Berdasarkan kajian Southeast Asia Freedom of Expression Network (SAFEnet), setiap negara memiliki pengertian berbeda terhadap hoaks. Di Malaysia, hoaks diatur dalam Akta Antiberita Tidak Benar 2018. Dalam akta itu, hoaks diartikan sebagai informasi yang sebagian atau seluruhnya salah dan dapat merusak harmoni sosial. Di Filipina, dalam Social Media Regulation Act of 2017, hoaks didefinisikan sebagai informasi yang berisi kritik atas pemerintah.
Di Indonesia, pengertian hoaks diatur dalam Pasal 28 Ayat (2) UU Informasi Transaksi Elektronik (ITE) dan dinilai sebagai informasi yang bisa menimbulkan rasa kebencian berdasarkan suku, agama, ras, dan antar-golongan (SARA). Pasal 27 Ayat (3) UU yang sama mengatur informasi bermuatan penghinaan atau pencemaran nama baik juga dapat dijerat.
Koordinator Regional SAFEnet Damar Juniarto, Jumat (29/6/2018), di Jakarta, mengatakan, tidak adanya penjelasan rinci terkait definisi hoaks kerap disalahgunakan untuk mengkriminalisasikan seseorang dan rentan terjadi pelanggaran hak asasi manusia.

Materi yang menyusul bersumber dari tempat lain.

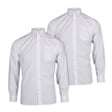 Long Sleeve School Shirt - Twin Pack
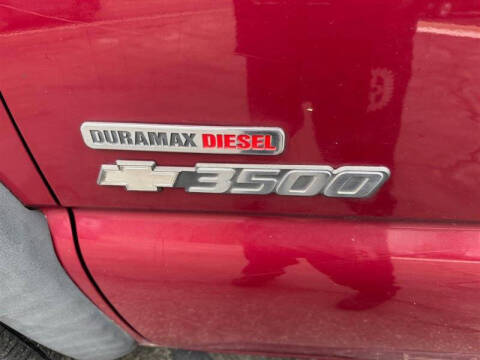 2004 Chevrolet Silverado 3500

Menurut dia, antarnegara perlu duduk bersama untuk menyamakan persepsi dalam pengertian hoaks sehingga aturan yang ada tidak terkesan politis. Perumusan pun diharapkan juga melibatkan elemen masyarakat dan akademisi.
Selain definisi hoaks, perlindungan HAM pengguna internet juga mendesak dilakukan. Berkaca pada laporan United Nations Human Right Council tanggal 14 Juni 2018, terdapat 23 persen wanita mengalami pelecehan seksual di media daring setidaknya sekali dalam hidup mereka. Karena masalah tersebut, 28 persen di antaranya telah menutup akunnya.
Program Manager Forum Asia for Human Rights and Development Rachel Arinii Judhistari mengatakan, selama ini negara terlalu fokus mengatur kebebasan berekspresi di media daring tanpa dibarengi perlindungan terhadap penggunanya. Padahal, fenomena pelecehan seksual ini sangat dekat dengan pelanggaran HAM.